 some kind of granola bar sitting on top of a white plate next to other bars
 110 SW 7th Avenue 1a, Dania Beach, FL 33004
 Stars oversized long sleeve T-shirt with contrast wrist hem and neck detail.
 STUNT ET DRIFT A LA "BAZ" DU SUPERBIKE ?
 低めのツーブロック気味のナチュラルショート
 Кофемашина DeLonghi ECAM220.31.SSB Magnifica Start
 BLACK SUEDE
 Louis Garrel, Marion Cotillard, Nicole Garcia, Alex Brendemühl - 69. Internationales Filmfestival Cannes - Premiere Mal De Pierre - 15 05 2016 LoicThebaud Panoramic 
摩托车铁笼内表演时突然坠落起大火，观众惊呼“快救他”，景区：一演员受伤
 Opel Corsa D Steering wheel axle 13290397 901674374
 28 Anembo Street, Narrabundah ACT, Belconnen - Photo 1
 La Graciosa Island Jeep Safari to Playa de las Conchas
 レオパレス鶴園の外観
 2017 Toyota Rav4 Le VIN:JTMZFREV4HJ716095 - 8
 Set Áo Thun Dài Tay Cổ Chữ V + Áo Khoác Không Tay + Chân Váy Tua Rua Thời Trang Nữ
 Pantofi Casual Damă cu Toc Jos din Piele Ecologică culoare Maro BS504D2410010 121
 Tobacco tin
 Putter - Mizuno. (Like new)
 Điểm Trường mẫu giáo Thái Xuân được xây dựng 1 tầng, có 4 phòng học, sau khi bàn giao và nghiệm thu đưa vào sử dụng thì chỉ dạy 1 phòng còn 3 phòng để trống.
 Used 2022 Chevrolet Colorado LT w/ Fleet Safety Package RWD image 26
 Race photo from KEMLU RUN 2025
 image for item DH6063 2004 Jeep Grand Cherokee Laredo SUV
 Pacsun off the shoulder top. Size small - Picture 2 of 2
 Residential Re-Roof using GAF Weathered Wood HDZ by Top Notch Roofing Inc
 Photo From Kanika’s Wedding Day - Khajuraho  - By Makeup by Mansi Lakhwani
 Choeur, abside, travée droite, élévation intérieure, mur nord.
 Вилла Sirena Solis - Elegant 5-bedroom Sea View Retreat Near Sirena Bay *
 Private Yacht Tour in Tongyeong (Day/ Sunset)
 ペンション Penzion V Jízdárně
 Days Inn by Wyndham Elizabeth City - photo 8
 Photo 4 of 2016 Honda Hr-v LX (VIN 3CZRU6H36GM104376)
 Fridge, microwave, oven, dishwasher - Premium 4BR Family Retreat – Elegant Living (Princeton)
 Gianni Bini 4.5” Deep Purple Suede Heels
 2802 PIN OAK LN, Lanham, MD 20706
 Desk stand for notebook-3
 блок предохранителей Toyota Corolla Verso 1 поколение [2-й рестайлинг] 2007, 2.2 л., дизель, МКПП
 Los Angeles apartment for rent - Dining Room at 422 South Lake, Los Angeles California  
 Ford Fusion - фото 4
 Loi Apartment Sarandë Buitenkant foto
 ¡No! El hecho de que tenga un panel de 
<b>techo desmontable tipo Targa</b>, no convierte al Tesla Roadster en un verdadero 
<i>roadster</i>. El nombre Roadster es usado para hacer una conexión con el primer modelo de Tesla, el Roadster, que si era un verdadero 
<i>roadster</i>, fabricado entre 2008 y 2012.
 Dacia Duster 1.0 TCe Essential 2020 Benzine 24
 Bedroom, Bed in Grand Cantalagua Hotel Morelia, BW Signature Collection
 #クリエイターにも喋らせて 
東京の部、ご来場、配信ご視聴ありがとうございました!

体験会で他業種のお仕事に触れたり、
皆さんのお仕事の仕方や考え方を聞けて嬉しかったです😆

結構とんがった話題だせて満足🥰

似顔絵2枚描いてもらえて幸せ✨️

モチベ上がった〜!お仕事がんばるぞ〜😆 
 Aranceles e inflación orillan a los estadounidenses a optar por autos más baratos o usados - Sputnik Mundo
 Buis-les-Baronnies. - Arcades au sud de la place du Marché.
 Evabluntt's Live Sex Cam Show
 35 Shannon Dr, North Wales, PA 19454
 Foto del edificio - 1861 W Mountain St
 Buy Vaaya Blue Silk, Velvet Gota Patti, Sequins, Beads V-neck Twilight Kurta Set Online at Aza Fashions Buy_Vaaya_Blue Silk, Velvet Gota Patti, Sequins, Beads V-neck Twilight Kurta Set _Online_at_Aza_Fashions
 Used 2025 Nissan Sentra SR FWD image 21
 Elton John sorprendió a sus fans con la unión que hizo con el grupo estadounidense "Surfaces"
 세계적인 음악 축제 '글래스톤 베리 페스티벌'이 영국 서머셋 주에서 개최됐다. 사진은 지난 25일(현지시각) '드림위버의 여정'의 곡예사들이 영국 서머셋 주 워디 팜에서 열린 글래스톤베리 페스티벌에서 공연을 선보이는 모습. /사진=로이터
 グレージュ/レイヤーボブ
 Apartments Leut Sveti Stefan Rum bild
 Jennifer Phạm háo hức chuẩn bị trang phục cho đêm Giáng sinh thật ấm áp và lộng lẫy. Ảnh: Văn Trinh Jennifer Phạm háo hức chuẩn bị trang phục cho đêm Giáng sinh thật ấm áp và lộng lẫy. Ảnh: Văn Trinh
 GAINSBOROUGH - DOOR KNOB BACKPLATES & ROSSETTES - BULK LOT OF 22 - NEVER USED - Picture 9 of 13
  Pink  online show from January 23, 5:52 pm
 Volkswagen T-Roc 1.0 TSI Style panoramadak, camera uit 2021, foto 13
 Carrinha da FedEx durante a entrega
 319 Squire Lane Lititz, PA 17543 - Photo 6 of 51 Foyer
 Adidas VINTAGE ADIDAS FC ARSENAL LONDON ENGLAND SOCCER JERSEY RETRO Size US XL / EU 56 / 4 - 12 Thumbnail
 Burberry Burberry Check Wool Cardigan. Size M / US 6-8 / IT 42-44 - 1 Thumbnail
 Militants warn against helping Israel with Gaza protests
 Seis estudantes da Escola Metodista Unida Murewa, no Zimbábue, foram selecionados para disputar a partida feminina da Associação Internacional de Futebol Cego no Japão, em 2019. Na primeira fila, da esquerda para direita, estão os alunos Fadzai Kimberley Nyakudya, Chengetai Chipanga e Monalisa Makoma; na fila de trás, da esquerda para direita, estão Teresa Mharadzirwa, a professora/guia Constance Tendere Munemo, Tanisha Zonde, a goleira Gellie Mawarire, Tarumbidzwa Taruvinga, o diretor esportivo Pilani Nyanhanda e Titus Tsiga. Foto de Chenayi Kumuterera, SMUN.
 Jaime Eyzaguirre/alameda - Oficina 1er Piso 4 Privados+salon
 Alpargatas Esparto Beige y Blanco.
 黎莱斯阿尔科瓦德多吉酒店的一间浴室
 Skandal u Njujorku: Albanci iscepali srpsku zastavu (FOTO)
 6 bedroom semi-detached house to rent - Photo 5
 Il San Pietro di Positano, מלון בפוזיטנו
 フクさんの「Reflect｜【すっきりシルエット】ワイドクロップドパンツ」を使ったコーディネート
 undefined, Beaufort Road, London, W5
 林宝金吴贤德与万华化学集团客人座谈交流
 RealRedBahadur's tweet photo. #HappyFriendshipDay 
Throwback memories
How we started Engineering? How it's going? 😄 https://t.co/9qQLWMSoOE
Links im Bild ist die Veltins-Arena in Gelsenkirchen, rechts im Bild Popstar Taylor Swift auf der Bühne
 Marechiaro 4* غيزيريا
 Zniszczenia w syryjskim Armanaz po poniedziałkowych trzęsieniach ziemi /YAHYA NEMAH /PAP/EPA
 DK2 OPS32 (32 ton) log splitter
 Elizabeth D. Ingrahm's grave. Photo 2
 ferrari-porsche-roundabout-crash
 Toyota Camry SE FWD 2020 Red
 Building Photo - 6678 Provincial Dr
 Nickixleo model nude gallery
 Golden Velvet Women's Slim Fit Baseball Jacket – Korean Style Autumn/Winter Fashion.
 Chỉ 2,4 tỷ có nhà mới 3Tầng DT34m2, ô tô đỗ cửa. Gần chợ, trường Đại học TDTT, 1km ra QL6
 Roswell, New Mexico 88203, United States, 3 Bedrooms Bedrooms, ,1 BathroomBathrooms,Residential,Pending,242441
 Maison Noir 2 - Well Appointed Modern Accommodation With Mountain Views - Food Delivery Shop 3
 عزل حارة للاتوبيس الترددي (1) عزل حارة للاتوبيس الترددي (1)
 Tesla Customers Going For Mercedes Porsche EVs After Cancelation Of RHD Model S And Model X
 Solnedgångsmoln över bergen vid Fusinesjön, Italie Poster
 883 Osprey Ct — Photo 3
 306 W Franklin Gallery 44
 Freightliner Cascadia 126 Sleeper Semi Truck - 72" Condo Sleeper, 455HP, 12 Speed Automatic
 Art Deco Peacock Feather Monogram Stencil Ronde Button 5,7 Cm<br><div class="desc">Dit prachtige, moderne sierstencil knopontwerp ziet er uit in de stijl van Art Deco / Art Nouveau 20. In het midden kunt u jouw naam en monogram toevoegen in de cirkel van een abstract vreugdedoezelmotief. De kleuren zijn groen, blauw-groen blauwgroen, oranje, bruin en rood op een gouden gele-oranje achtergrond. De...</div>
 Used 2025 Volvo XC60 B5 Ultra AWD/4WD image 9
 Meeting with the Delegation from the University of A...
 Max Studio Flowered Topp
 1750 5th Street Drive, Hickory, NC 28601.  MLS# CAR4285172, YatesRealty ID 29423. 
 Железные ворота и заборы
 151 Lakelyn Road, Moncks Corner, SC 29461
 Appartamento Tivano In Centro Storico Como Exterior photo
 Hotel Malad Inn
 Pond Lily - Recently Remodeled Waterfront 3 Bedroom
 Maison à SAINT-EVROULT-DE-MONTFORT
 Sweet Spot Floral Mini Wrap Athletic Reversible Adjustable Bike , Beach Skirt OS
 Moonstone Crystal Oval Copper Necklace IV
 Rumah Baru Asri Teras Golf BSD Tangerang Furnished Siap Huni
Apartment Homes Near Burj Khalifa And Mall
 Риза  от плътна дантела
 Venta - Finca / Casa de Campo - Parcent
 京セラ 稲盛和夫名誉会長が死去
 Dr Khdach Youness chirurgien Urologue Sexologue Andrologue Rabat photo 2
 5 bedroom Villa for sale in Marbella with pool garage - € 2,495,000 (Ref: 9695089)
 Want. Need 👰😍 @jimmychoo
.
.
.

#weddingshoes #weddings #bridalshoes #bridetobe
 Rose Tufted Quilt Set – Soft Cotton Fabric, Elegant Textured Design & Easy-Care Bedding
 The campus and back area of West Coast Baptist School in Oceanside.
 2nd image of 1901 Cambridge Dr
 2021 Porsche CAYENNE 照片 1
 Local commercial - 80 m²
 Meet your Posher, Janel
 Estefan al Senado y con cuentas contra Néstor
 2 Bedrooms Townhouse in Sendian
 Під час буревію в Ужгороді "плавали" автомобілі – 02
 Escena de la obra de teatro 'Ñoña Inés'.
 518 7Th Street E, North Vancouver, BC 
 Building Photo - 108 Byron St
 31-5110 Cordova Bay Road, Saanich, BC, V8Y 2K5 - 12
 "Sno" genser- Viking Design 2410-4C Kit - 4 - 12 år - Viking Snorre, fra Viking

════════════════════

__TASK__:
Write out exactly the lines above between the line with "Desk stand for notebook-3" and the line with "un panel de", inclusive, and nothing beyond them.

__EXPECTED ANSWER__:
 Desk stand for notebook-3
 блок предохранителей Toyota Corolla Verso 1 поколение [2-й рестайлинг] 2007, 2.2 л., дизель, МКПП
 Los Angeles apartment for rent - Dining Room at 422 South Lake, Los Angeles California  
 Ford Fusion - фото 4
 Loi Apartment Sarandë Buitenkant foto
 ¡No! El hecho de que tenga un panel de 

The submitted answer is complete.